Records from a data source:
⟨
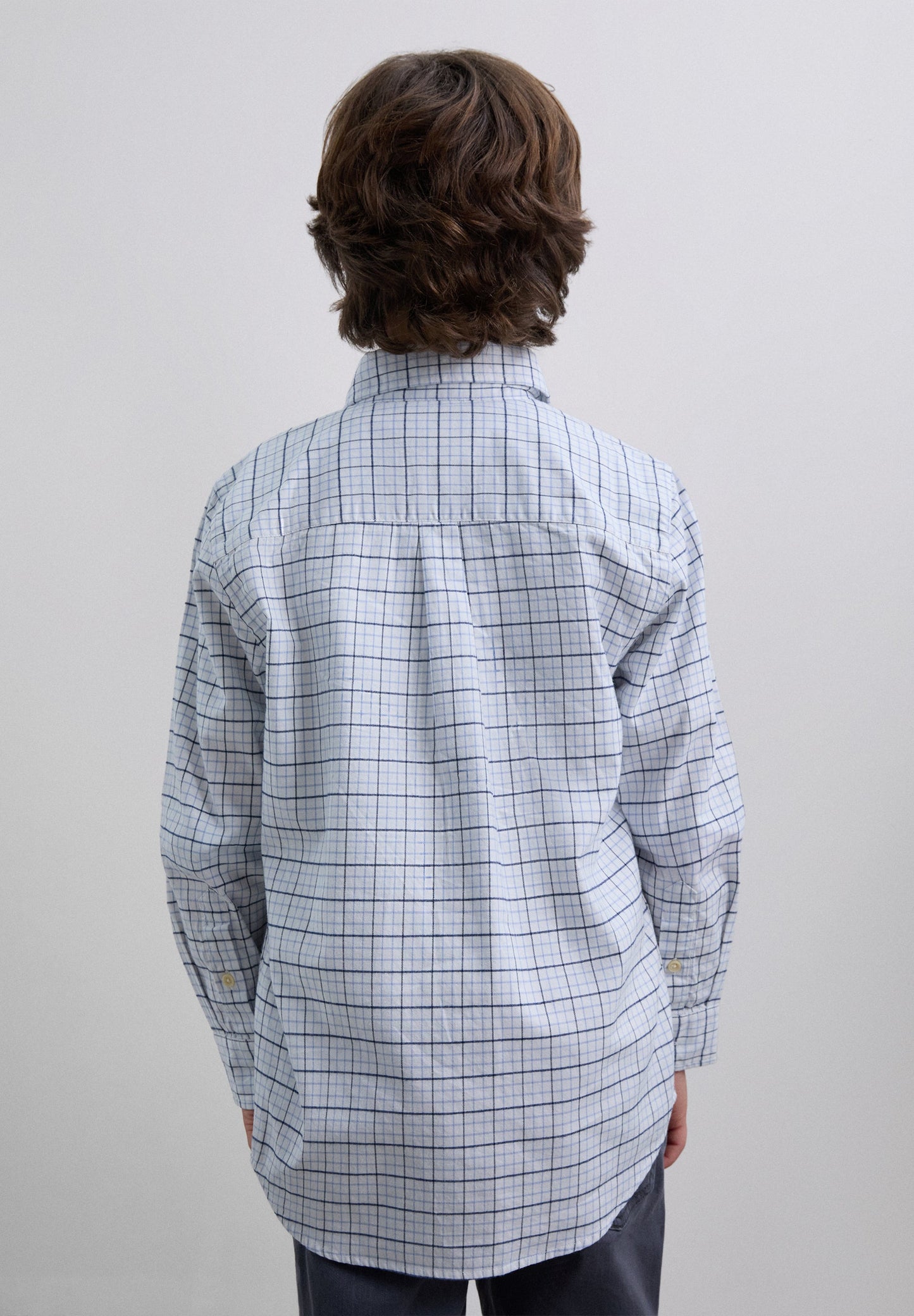 CAMISA OXFORD CUADROS - Scalpers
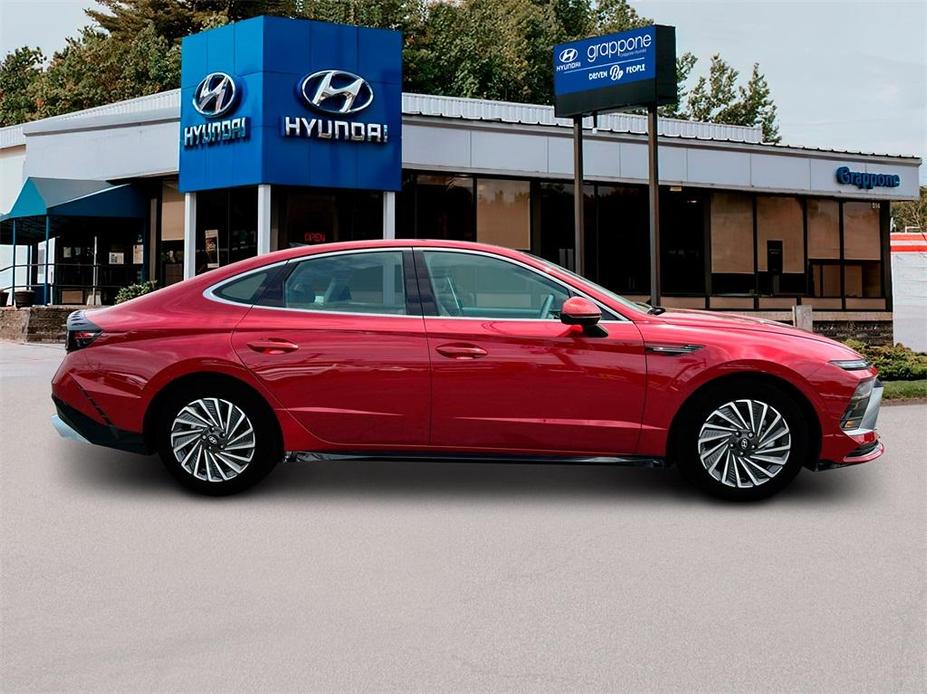 new 2025 Hyundai Sonata Hybrid car, priced at $38,778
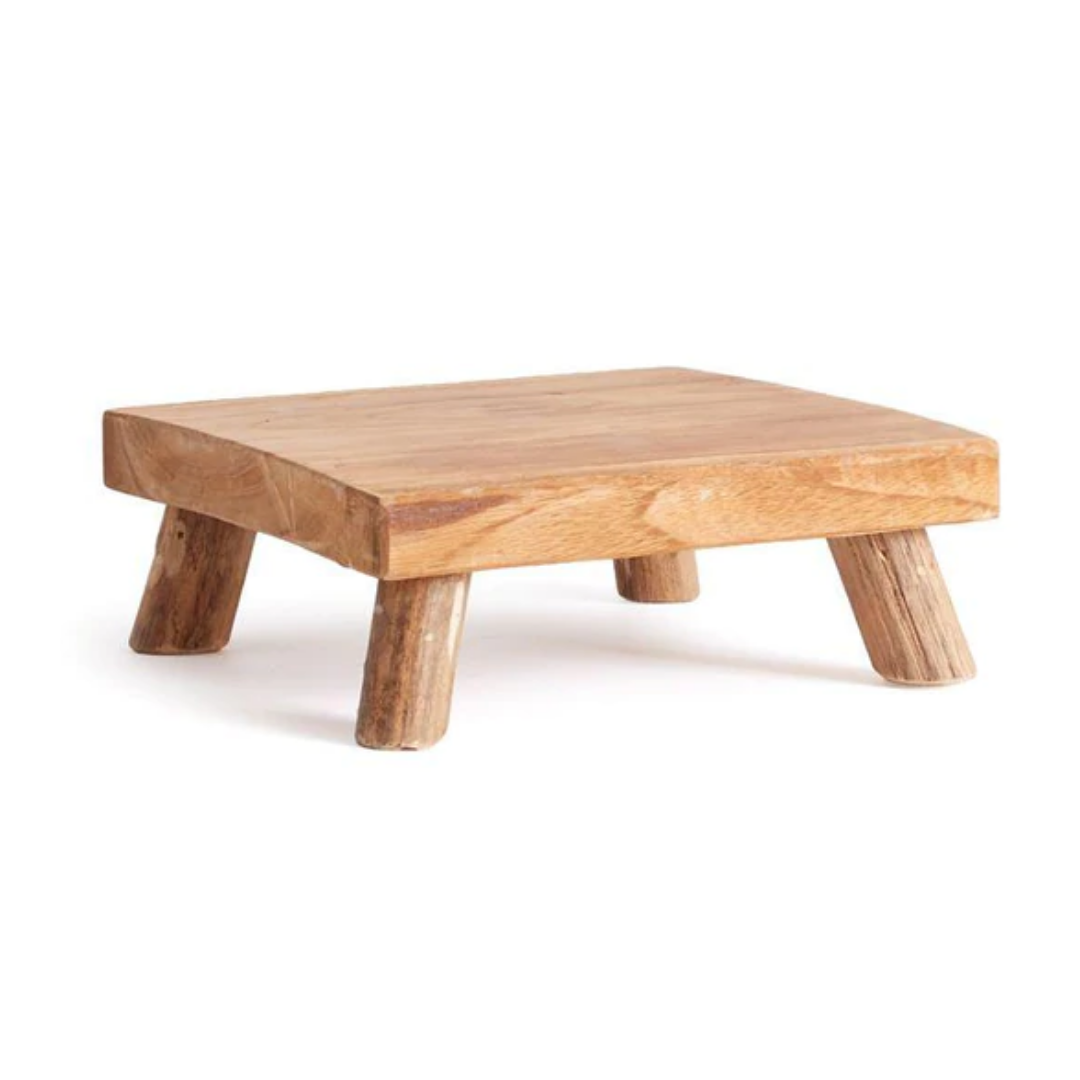 HIGGINS TEAK STAND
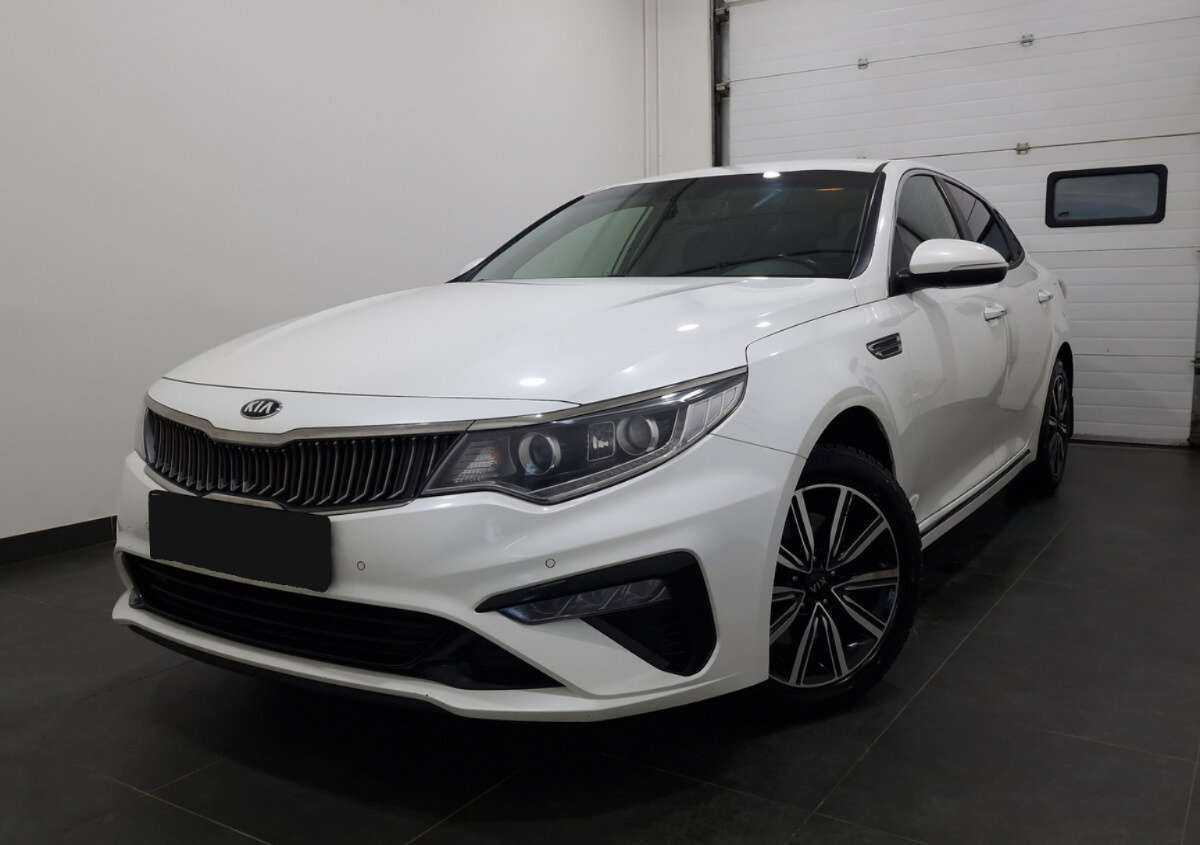 Kia Optima с пробегом — 2018 год. Фото: #0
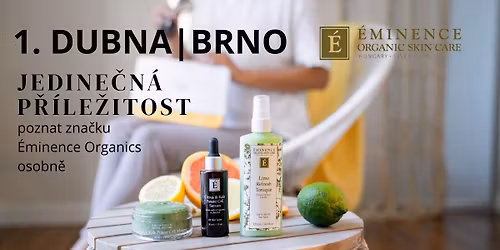 \u00c9minence Organics | Odborn\u00fd semin\u00e1\u0159 s americkou \u0161kolitelkou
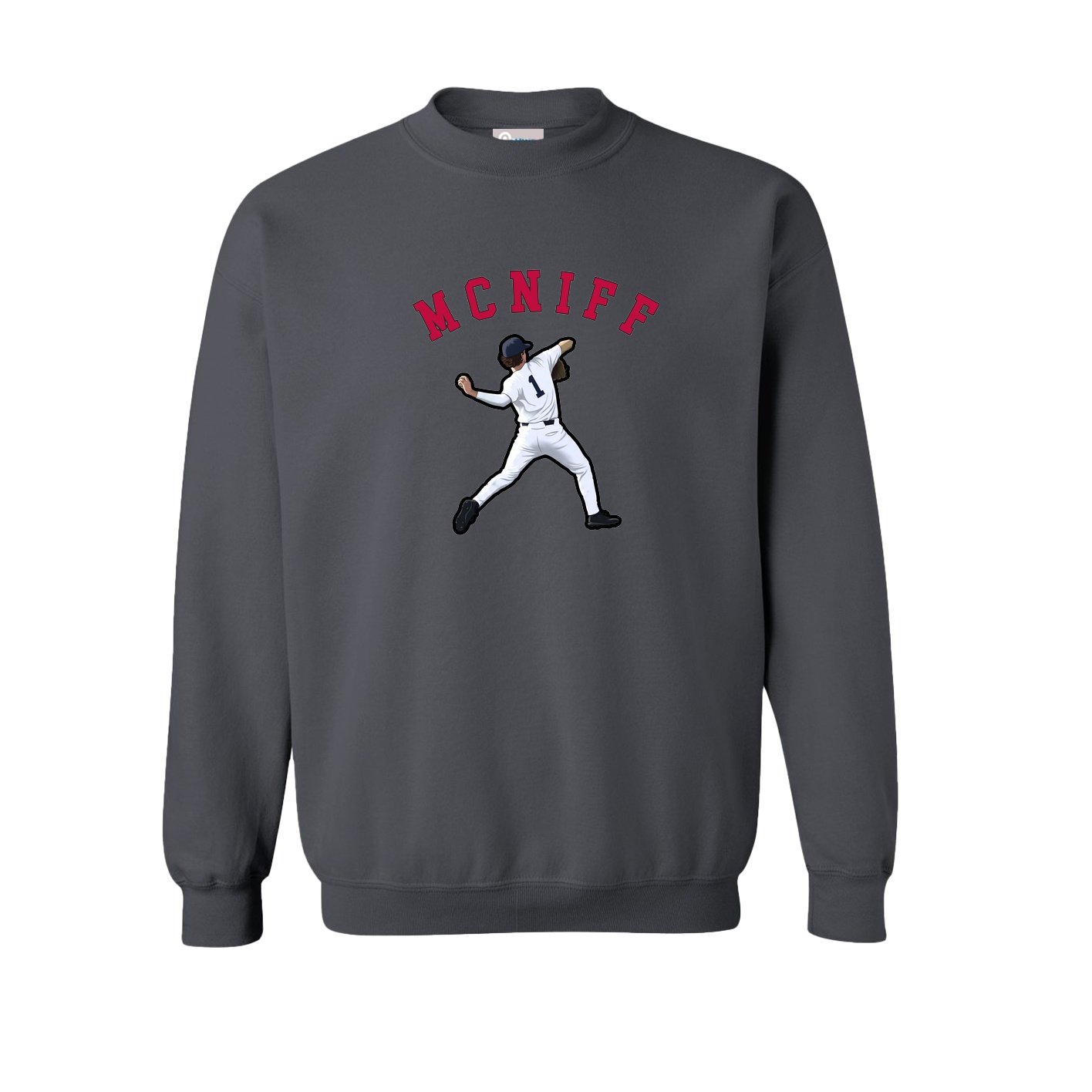 NIL Club Fleece Crew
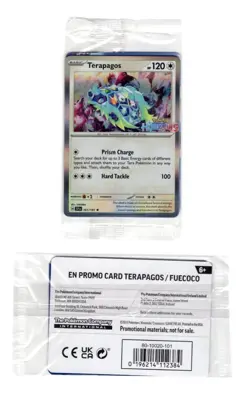 Pokemon Surging Sparks - Best Buy Sealed Terapagos Fuecoco Horizons Stamped - Image 5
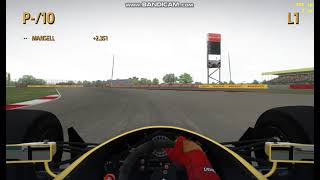 F1 24 SIM RS3 SILVERSTONE WORLD RECORD 11724 Ai Hotlap [upl. by Sivlek]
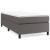Cadru de pat box spring, gri, 90x190 cm, piele ecologică GartenMobel Dekor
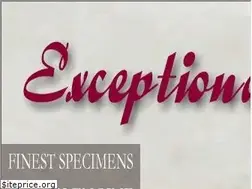 Sites similar to exceptionalminerals.com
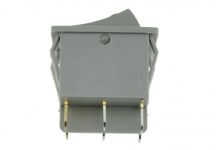 Блок кнопок включения водонагревателя, радиатора 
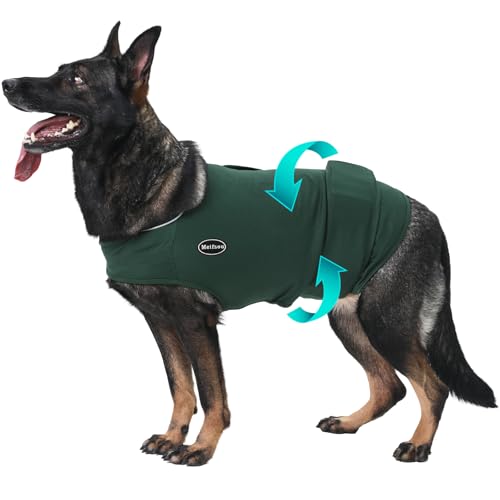 Dog Anxiety Vest (XX-Large / Green)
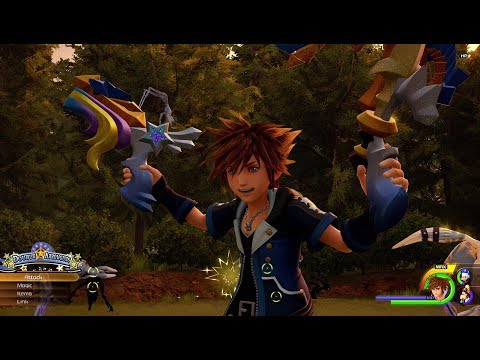 KINGDOM HEARTS III – D23 2017 Trailer Excerpt—Hercules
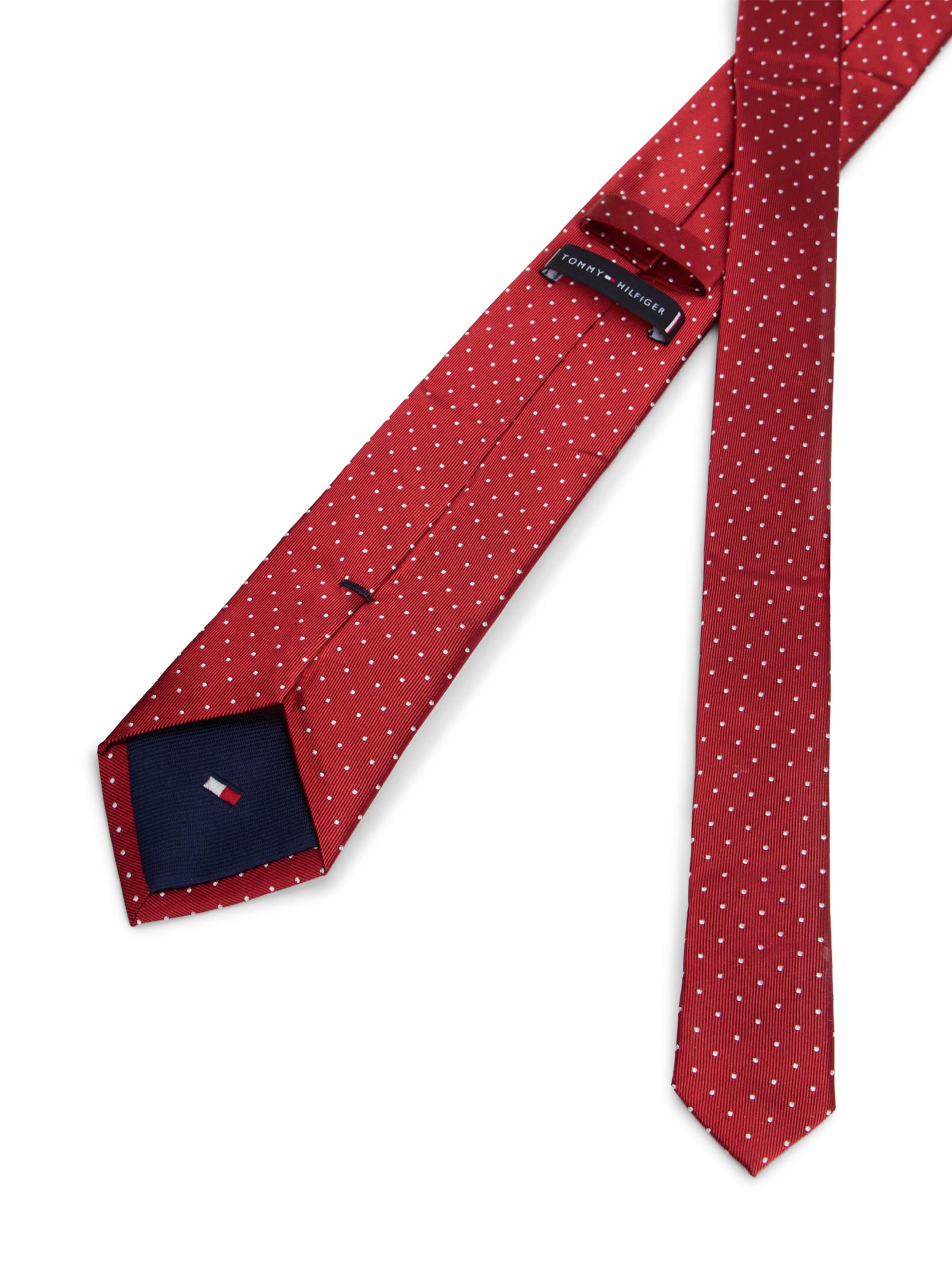 TOMMY HILFIGER Tie in Red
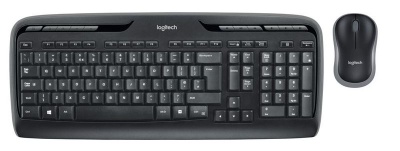 Photo of Logitech Wireless Combo MK330 Desktop Set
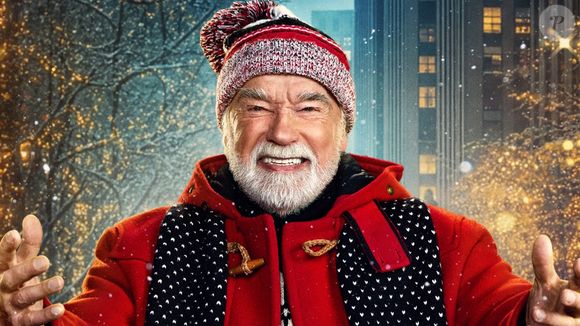 Aos 79 anos, Schwarzenegger continua trabalhando. Seu próximo filme, 'Missão Resgate de Natal', estreia em 2 de dezembro de 2026 no Prime Video, com o ator no papel de Papai Noel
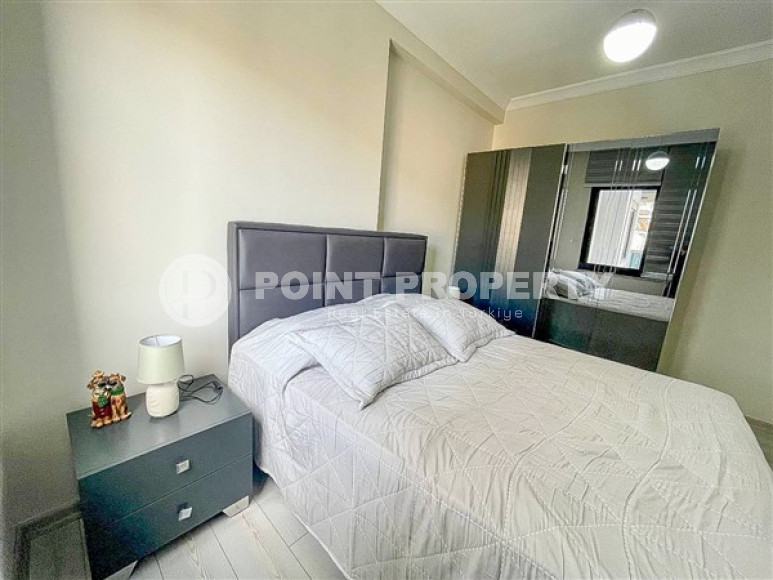 New furnished three-room apartment with mountain views in the center of Alanya, near Keykubat beach-id-1417-photo-21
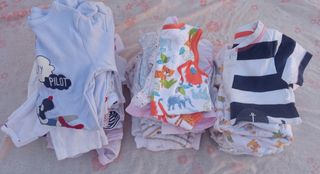 Pack ropa bebé +de 30piezas 0/3 meses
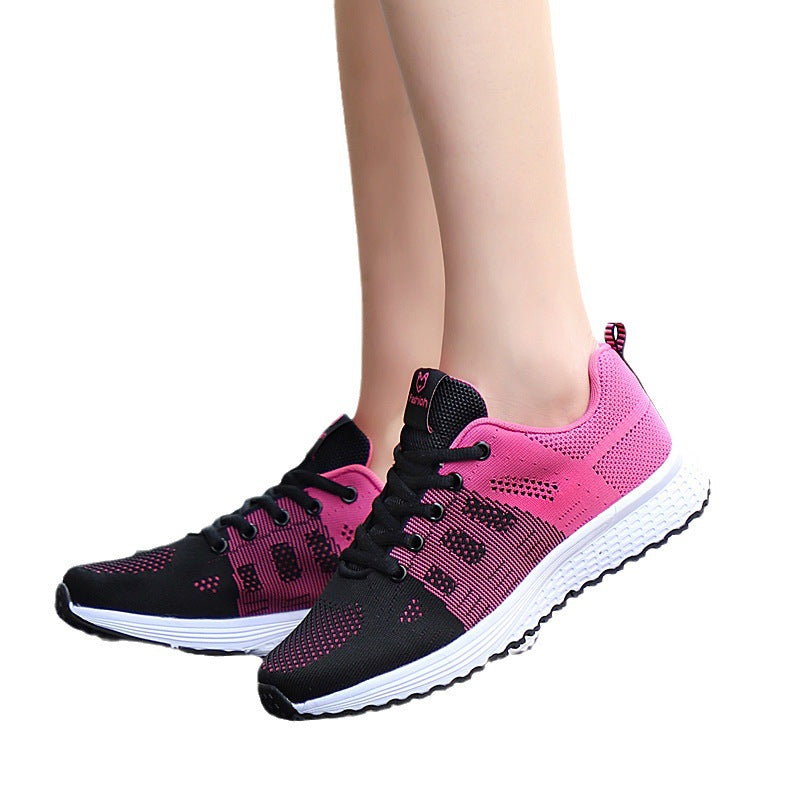 Damen Atmungsaktive Laufschuhe mit flexibler Sohle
⟩
**Problem to work on:**
Exact repeat, pictures omitted: give every line from the top of the records down to and including the line with "Sites similar to exceptionalminerals.com".

**Solved problem:**
 CAMISA OXFORD CUADROS - Scalpers
 new 2025 Hyundai Sonata Hybrid car, priced at $38,778
 HIGGINS TEAK STAND
 Kia Optima с пробегом — 2018 год. Фото: #0
 \u00c9minence Organics | Odborn\u00fd semin\u00e1\u0159 s americkou \u0161kolitelkou
 NIL Club Fleece Crew
 Pokemon Surging Sparks - Best Buy Sealed Terapagos Fuecoco Horizons Stamped - Image 5
 F1 24 SIM RS3 SILVERSTONE WORLD RECORD 11724 Ai Hotlap [upl. by Sivlek]
Cadru de pat box spring, gri, 90x190 cm, piele ecologică GartenMobel Dekor
 Sites similar to exceptionalminerals.com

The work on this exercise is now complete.